Hamdan was acquitted following a trial in B.C. Supreme Court that focused on 85 Facebook posts but immigration officials then arrested him on grounds that he posed a danger to Canadians.

The board is now trying to determine whether he will be deported to Jordan over security risks. An RCMP officer from the force’s national security division has already testified Hamdan was becoming radicalized by the Islamic State group.

Hamdan sought refugee status in Canada after moving in July 2002 from the United States, where he said he studied electrical engineering and faced discrimination following the 9/11 terror attacks in 2001.

He said he had a right to discuss political views on Facebook, starting in 2014, when he used satire, parodies and cartoons to highlight the hypocrisy of western powers, including the United States, under then-president Barack Obama.
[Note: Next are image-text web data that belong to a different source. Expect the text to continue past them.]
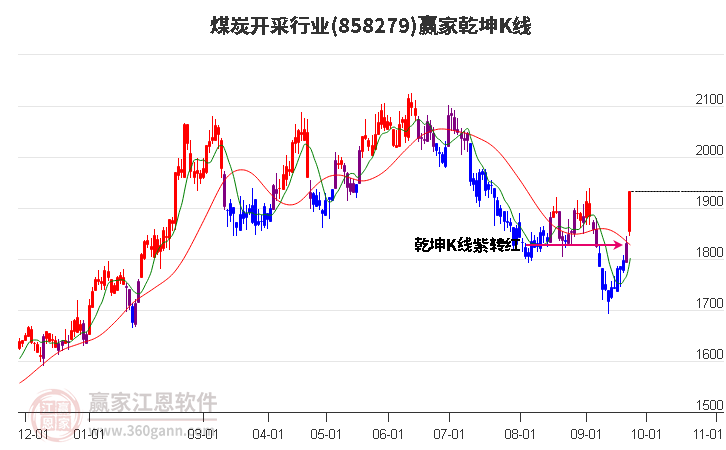 858279煤炭开采赢家乾坤K线工具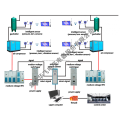 Sistema de controle elétrico de compressor de ar inteligente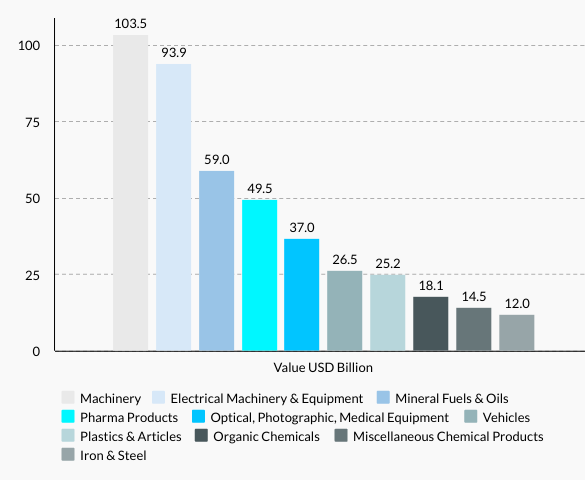 Netherlands’s Top 10 Exports
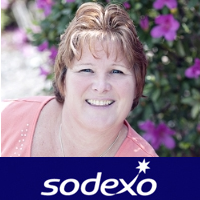 Sodexo Sr. Talent Advisor; Recruiting for Corporate Leisure F&B nationwide: Zoos, Museums, Aquariums, Casinos, Racetracks & Conference Ctrs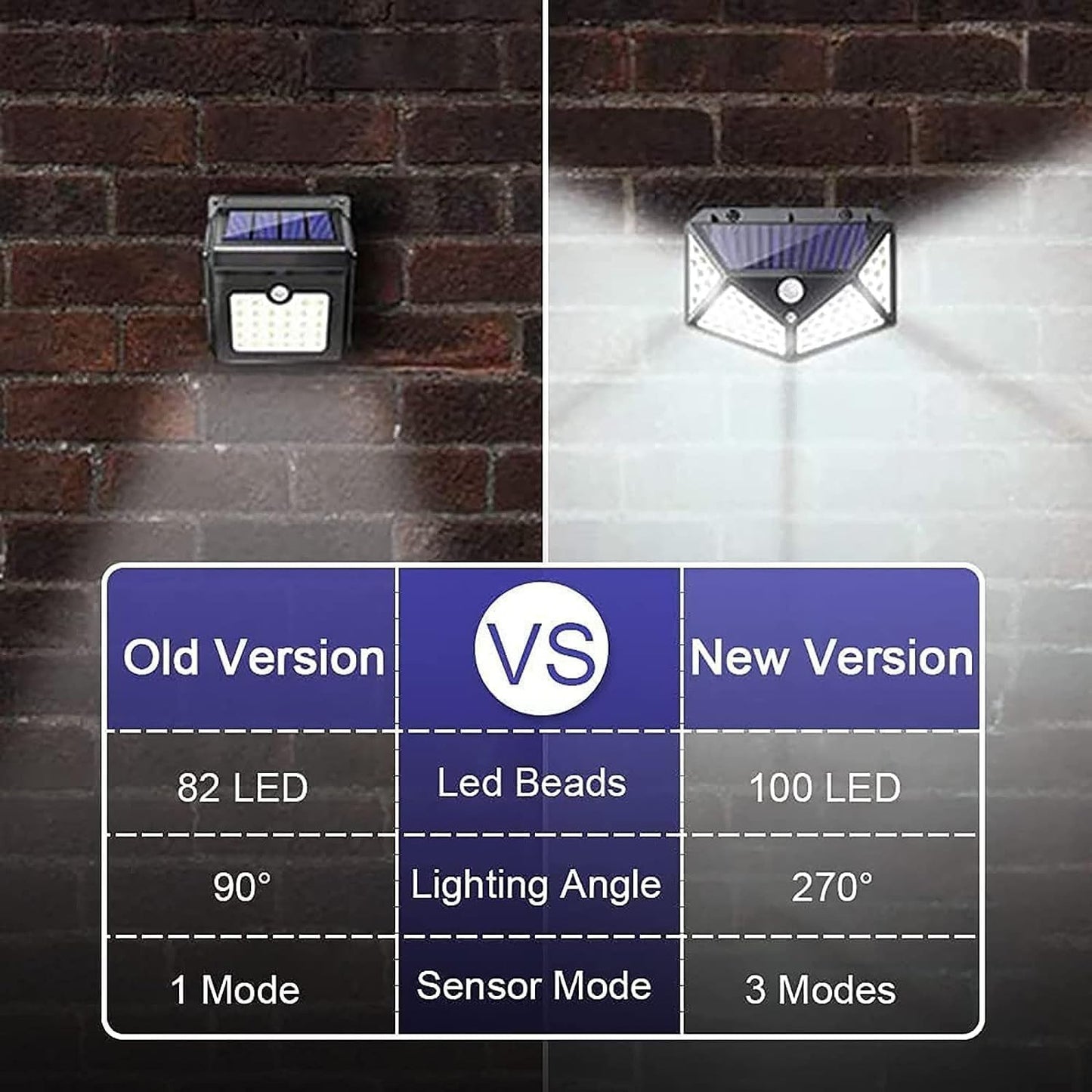 Luce solare per esterno, 100 LED con 3 modalità di illuminazione 2200 Lumen, luc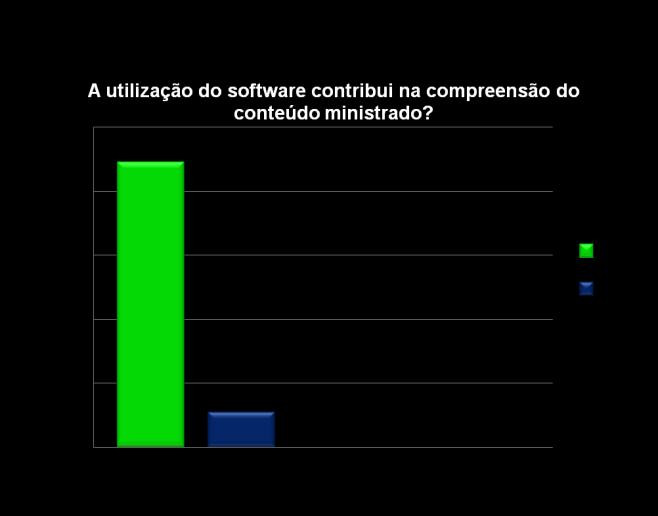 de Química, pois contribuem de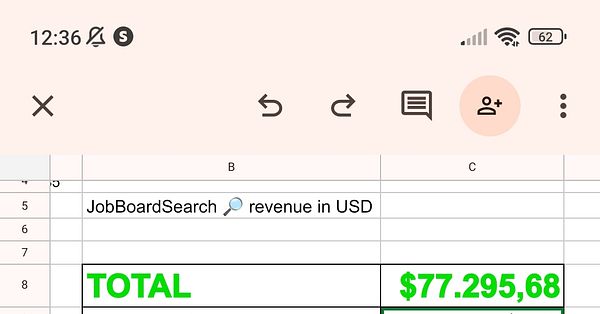 The image displays a spreadsheet showing revenue data for JobBoardSearch.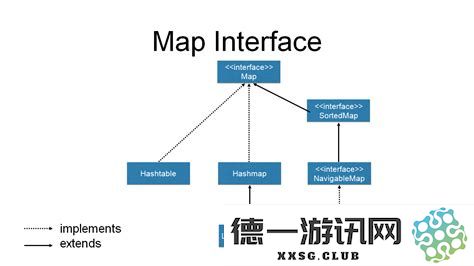 JavaMap接口的实现类解析：常见类型及其特性详细分析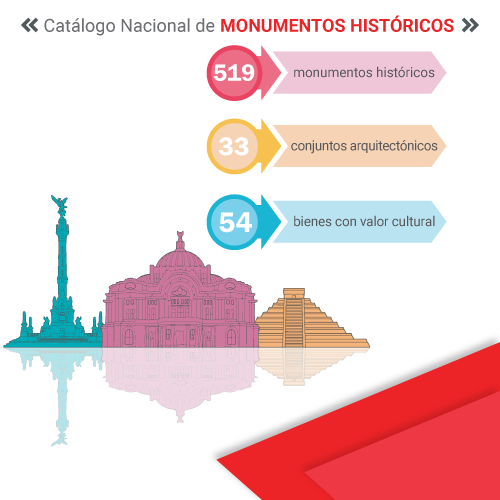 Patrimonios México
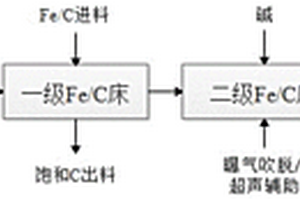 兩級鐵碳吸附-絡合-協同共沉淀工藝處理高濃度含氟廢水的方法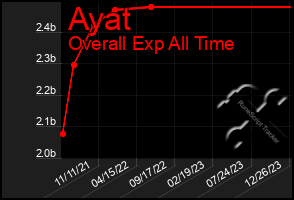 Total Graph of Ayat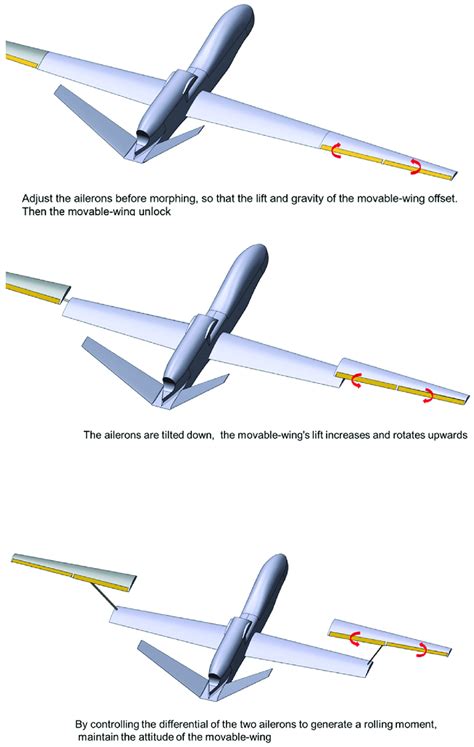 The Aileron Controls The Aircraft To Complete The Process Of Morphing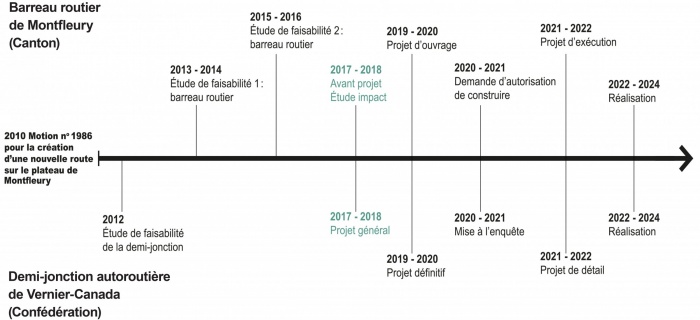 Calendrier du projet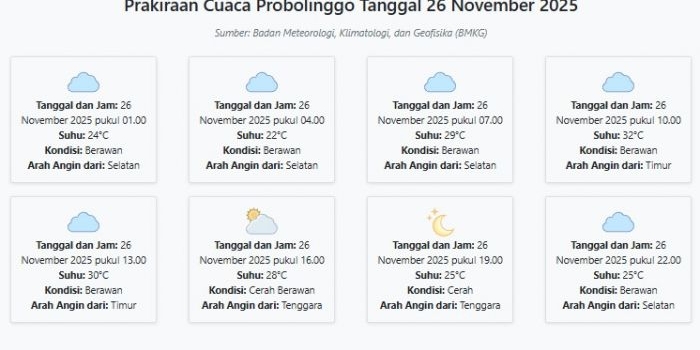 prakiraan-cuaca-probolinggo-hari-ini-rabu-26-november-2025-suhu-22-32°c-kecepatan-angin-18-5-ms
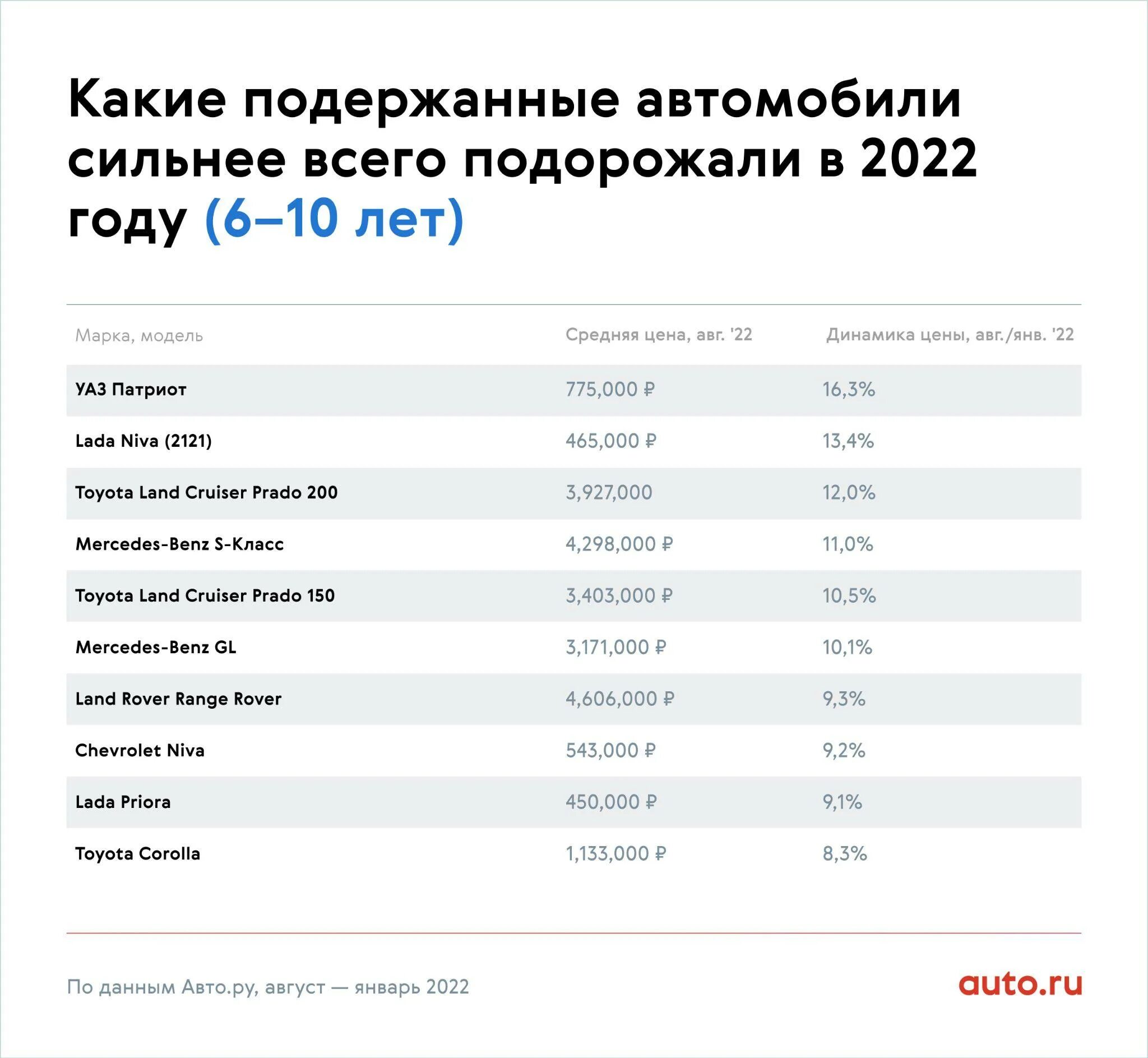 Средний пробег автомобиля в россии. Подорожание автомобилей в 2022. Рост стоимости автомобилей в 2022. Статистические данные о подорожании автомобилей. Статистика подорожания автомобилей.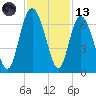 Sapelo Island tide chart for Monday, November 13, 2023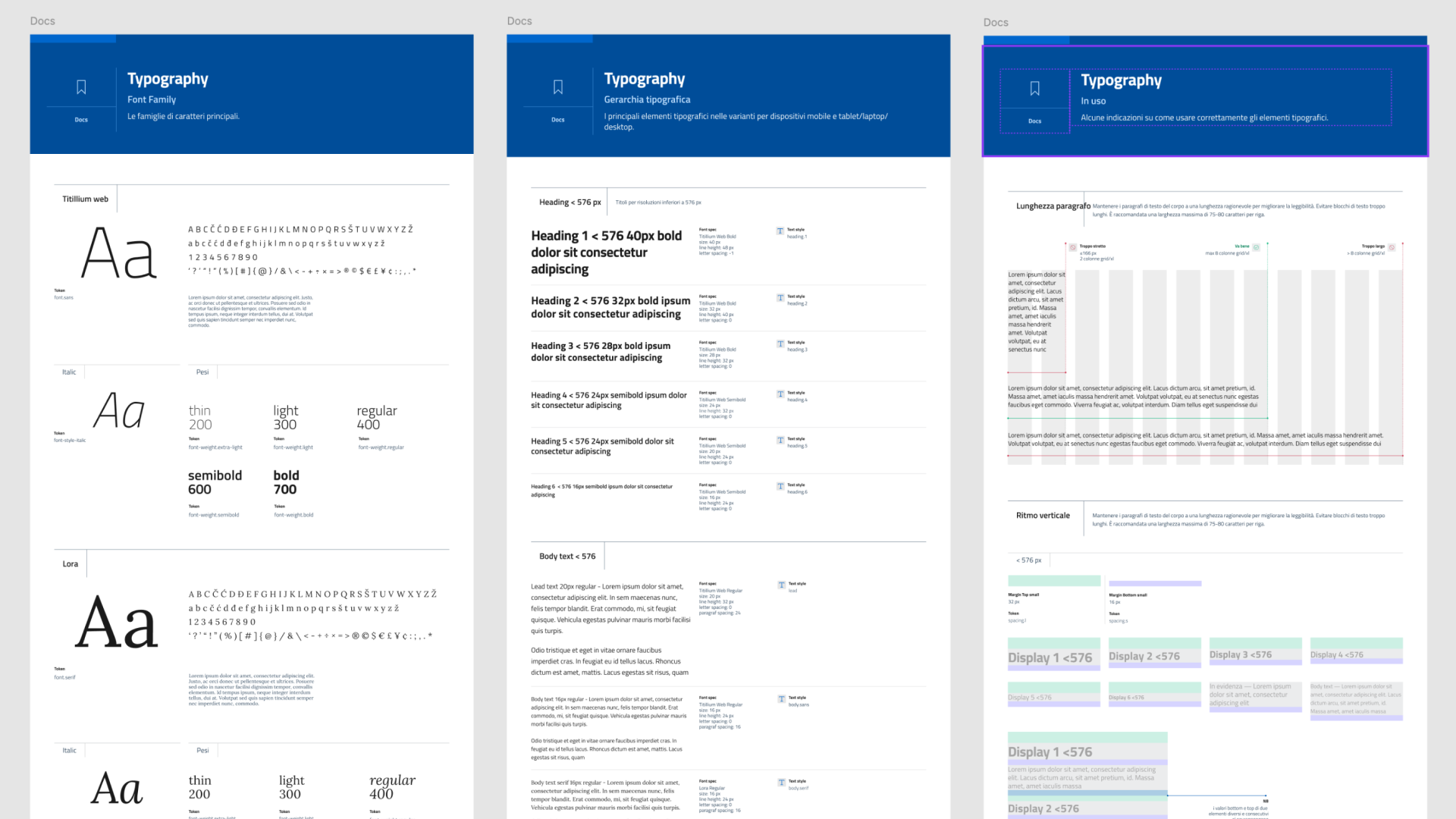 Typography guidance for Italian public services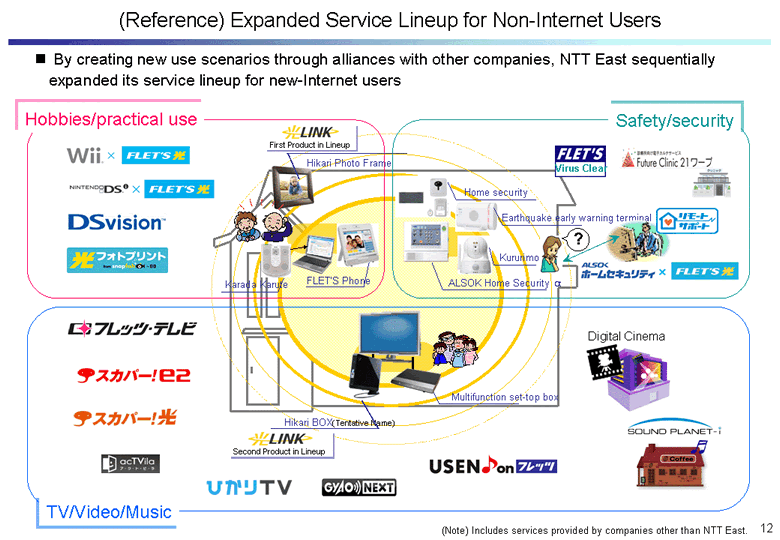 Expanded Service Lineup for Non-Internet Users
“Obama was saying, ‘I’m not going to put boots on the ground but he was slowly getting involved,’ ” Hamdan said.

He also blamed then-prime minister Stephen Harper for a lone-wolf attack in Ottawa in October 2014, saying “arrogant” policies led to bloodshed in Canada.

A March 2015 post promoted “killing methods such as slitting their throats or shooting using a silencer and killing using poison and killing by choking.”

Other posts also supported lone attackers using vehicles to run over people or to shoot from before making a quick escape.

His charter right to freedom of expression meant he didn’t do anything wrong, Hamdan said.

“While I was writing these pages I thought I was engaged in a political debate and I thought freedom of expression meant I didn’t have to explain every single word,” he said as his lawyer, Peter Edelmann, asked him about various posts.

In a May 2015 post, he wrote: #Islamic State. I am one of them.”

“It doesn’t mean I a member of ISIL,” Hamdan said, referring to Islamic State of Iraq and the Levant.

He blamed “stupid Facebook” for suspending and then deleting his accounts over graphic violence, prompting him to repeatedly create new accounts and write a letter to Facebook, which amounted to an “intimidation attempt” that went “a little over the top,” he said.

“I was just reacting, angry at them and saying, ‘Look, you really didn’t have a reason to ban my account.’ “

“You’ll see us in your nightmares,” he said quoting the letter, adding he also suggested Facebook employees would be harmed.

Hamdan said his aim was to protect his rights and those of “hundreds, thousands” of others who may have had the same experience, though he believed he was among one per cent who actually retaliated.